1939

miscellany relating to world war two in europe. the collection is selected for its psychological/sociological interest, not to promote or condone nazis and the holocaust. you are free to leave if you disapprove of the content.

(run by midnight radio.)

Oct 29
“I was 19 and had been living in New York for a little over a year. It was technically my second Halloween in the city but since the first Halloween had been right after 9/11, this might as well have been my first Halloween. I was too self conscious to really dress up too crazy; I needed a costume but I still really wanted to look cute and fuckable. I ended up settling on wearing some sort of military jacket and a yarmulke that I had lying around from some bar mitzvah I had attended years ago.

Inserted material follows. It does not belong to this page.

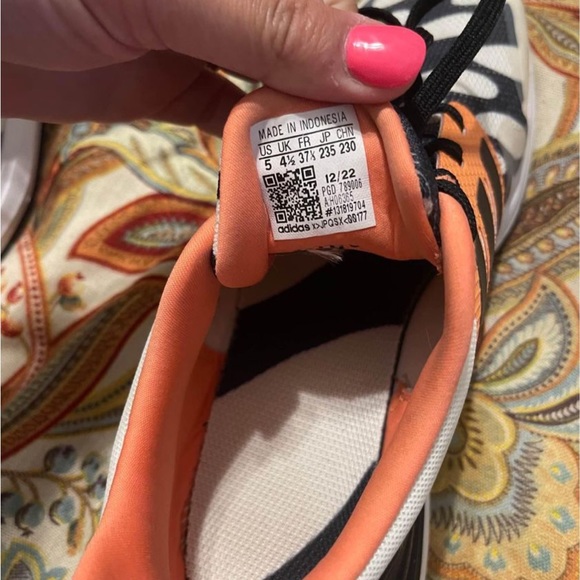 Adidas tennis shoes. Size 5 in perfect condition. Only worn once to work. - Picture 3 of 4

I added some swastikas to the jacket and said I was a Jewish Nazi. I’m still not sure why anything about this outfit made sense to me at the time. I mean, I’m not even Jewish. Probably I felt comfortable with the look because it made me look cute in a generic enough way that I could imagine a wide range of men finding me attractive and unthreatening. Also, there’s something pathetic enough about the costume that it was just maybe adorable.”

via buttmagazine

1) Nazis as cute/unthreatening. Speaks for itself.
2) Another bit of evidence for the interest-in-Nazis queer subculture; what is the attraction? Just the uniforms?